Well, with a little practice, you can! To get your long pour going, start by collecting a few things.
First, you’ll need a bottle.
An empty 700-milliliter Spanish sidra bottle would be your first choice, but any 750-milliliter wine bottle will do. Next up is a glass. Over the centuries, the Spanish have developed a glass just for cider — wide at the top and tapering in just a bit toward the bottom, made of material so thin that with the finest ones they say you can’t even feel the glass at your lips as you sip. You can find something pretty similar online at various places, but an ordinary pint glass will do well enough, at least while you’re just getting started.
You’ll want to practice with water (why waste good cider!) and it can get messy while you’re learning, so if you can’t get outside, work over a large basin or even your bathtub. Stand with your feet maybe ten inches apart. Hold the glass in one hand with your arm fully extended down (but don’t lock your elbow) with the top of the glass facing away from you at an angle. The glass should be reasonably close to your body, maybe five inches out.
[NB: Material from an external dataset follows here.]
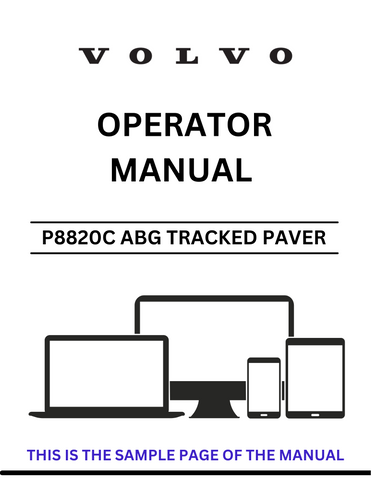 . Enhance your operational efficiency with the VOLVO P8820C ABG Tracked Paver Operator Manual, specifically designed for serial number 12762942. This comprehensive PDF file serves as an essential resource for operators, providing detailed instructions and insights into the machine's features and functionalities.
Stretch out your arms and pour.
With the water-filled bottle in your other hand, raise it over your head, again with your arm almost fully extended. “First position the bottle where you want it,” suggests Scott Heath, co-owner and cidermaker at Tilted Shed Ciderworks in Windsor, California, whose annual txotx celebration is one of the highlights of the local calendar. “Tilt the bottle and get the cider almost to the opening, then look down at the glass — not at the cider. Slowly and evenly tip the bottle, moving the glass as needed, hopefully not much, to catch the stream. I think of it kind of like rubbing your belly and patting your head at the same time; your arms are doing two different things. It’s awkward at first, but you can coordinate.”
“The key for me was establishing a repeatable motion,” says Mike Reis, co-owner of Redfield Cider Bar in Oakland, California, where everyone on staff does a long pour for customers that order one of the many Spanish sidras and Spanish-inspired American ciders on offer there. Ideally “your raised arm and the glass are always in the same position.”
Remember, too, that you want the cider to hit the side of the glass so that it swirls and gets that all important aeration. As you practice you’ll figure out the ideal angle for the glass. You should also pour only two to three fingers worth of liquid, just enough that it can be swallowed in a couple of gulps while it still has a little fizz. Take too much time to drink it and, say the Spanish, the cider will be “dead.”
That’s all there is to it. That and a lot of practice, of course. But once you have it down, you’ll be the envy of your friends. “Besides,” says Jeff Cottrell, long-time Spanish sidra steward at the Great Lakes Cider and Perry Competition in Grand Rapids, Michigan. “The long pour is fun!”